**Exercise aim**
Word for word, please restate the lines from the beginning of the data through the line in which "Abakuhaus Tenda Da" appears.

Data items

####

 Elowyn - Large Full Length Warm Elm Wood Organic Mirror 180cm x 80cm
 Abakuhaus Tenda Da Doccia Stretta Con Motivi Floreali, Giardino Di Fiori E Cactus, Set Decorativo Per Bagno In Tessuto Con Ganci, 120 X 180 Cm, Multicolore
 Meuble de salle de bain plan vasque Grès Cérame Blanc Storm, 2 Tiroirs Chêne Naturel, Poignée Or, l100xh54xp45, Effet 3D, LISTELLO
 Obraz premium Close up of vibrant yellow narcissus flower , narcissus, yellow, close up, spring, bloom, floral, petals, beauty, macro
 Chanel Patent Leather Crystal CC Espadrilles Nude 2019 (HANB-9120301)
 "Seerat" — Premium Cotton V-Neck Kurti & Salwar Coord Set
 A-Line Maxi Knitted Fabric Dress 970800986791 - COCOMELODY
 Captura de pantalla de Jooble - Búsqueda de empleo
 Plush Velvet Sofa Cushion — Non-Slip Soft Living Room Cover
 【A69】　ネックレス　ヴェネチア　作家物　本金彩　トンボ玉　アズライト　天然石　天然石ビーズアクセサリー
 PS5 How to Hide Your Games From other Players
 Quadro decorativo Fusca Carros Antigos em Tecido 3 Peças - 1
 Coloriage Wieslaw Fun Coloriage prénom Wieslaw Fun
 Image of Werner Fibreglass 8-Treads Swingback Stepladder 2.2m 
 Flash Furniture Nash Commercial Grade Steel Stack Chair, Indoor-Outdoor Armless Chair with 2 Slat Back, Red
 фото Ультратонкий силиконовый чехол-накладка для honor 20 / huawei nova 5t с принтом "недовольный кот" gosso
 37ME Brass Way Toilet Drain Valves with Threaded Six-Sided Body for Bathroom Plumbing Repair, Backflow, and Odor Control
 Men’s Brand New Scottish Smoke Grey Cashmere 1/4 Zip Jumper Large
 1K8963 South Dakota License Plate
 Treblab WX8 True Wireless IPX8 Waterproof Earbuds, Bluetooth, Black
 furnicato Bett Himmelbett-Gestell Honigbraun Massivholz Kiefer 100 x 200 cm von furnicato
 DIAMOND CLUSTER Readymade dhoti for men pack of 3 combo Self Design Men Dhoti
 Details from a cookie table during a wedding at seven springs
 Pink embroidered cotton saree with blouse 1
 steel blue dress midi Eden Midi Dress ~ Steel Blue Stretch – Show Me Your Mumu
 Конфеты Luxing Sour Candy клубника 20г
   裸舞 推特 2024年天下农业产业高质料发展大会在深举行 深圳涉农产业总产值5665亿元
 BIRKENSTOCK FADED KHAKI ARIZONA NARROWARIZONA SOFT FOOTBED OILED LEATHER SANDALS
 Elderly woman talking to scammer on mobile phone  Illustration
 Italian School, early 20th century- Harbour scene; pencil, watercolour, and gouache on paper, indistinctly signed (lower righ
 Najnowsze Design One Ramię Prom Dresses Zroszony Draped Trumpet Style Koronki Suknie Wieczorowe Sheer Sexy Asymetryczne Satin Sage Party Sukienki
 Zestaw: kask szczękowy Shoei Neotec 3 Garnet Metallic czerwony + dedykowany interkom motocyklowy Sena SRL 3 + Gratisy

####

**Output of the exercise**
 Elowyn - Large Full Length Warm Elm Wood Organic Mirror 180cm x 80cm
 Abakuhaus Tenda Da Doccia Stretta Con Motivi Floreali, Giardino Di Fiori E Cactus, Set Decorativo Per Bagno In Tessuto Con Ganci, 120 X 180 Cm, Multicolore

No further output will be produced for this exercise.